The War Prayer (1905)
Mark Twain (1835-1910)
85 pages
To Dan Beard, who dropped in to see him,
Clemens read the “War Prayer,” stating that
he had read it to his daughter Jean,
and others, who had told him he must not
print it, for it would be regarded as sacrilege.
“Still, you are going to publish it, are you not?”
Clemens, pacing up and down the room
in his dressing gown and slippers,
shook his head.
“No,” he said, “I have told the whole truth
in that, and only dead men can tell the truth
in this world.
“It can be published after I am dead.”
From: Mark Twain, A Biography by Albert Bigelow Paine
Harper & Brothers, 1912
This recollection serves as the Forward to The War Prayer by Mark Twain. (Twain’s real name was Samuel Clemens; Dan Beard was an illustrator who work on several of Twain’s books.) Reading The War Prayer one can understand Twain’s hesitation. This powerful short story represents a carefully crafted indictment of the feverish righteousness and thoughtless jingoism that leads to the glorification of war, and that can bring forth cheering crowds of soldiers, their loved ones and also their envious “neighbors and friends who had no sons and brothers to send forth to the field of honor, there to win for the flag or failing, die the noblest of noble deaths.”
In the story, Twain turns the tables on these cheering masses as they gather in church before the troops head for the front, where the preacher beseeches God to watch over “our noble young soldiers and aid … them in their patriotic work; … [and] help them to crush the foe.” As the preacher finishes his rousing speech “an aged stranger” enters the church, and ascends to where the preacher stands before the crowd. After some moments silently staring down at the crowd, he announces to them “I come from the Throne --- bearing a message from Almighty God,” and proceeds to describe to them the “full import,” the “unspoken” in what they have asked of God. He lays bare for the crowd the gruesome reality behind their requests to God, the horror of the war for which they cheer so mightily.
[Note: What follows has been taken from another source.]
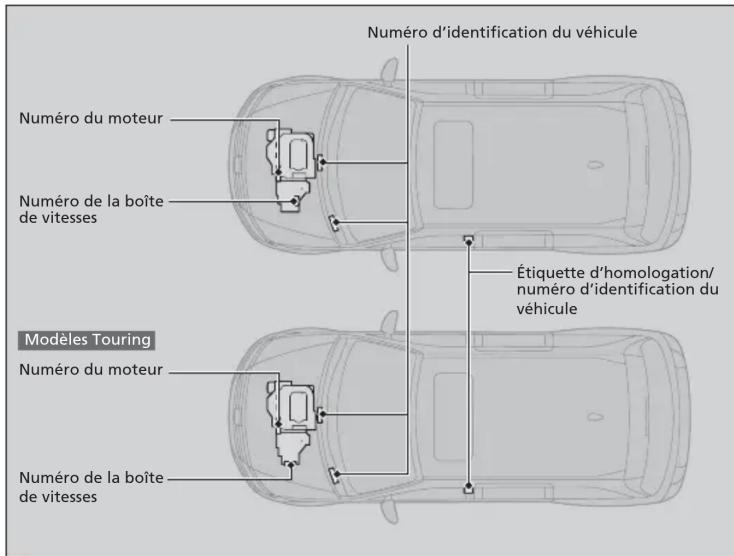 Honda Odyssey (2013) - Numéro du moteur et numéro de la boîte de vitesses - 1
Based on what I’ve learned, the story was originally written in 1905, but not published until 1923, after Twain’s death. The Perennial Library edition I have logs in at 85 pages, but the story is really only a relatively short text, spread out among many illustrations, with sometimes only a few words or lines per page. The illustrations were created by John Groth in 1968, and are hauntingly arresting ink drawings that complement the story perfectly; the book cover, pictured above, shows an example. One can easily imagine the impetus for these drawings, and the reprint of the book itself, arising out of the growing anti-war sentiment of the late 1960’s. The book is as brilliant and concise an anti-war statement as can be found.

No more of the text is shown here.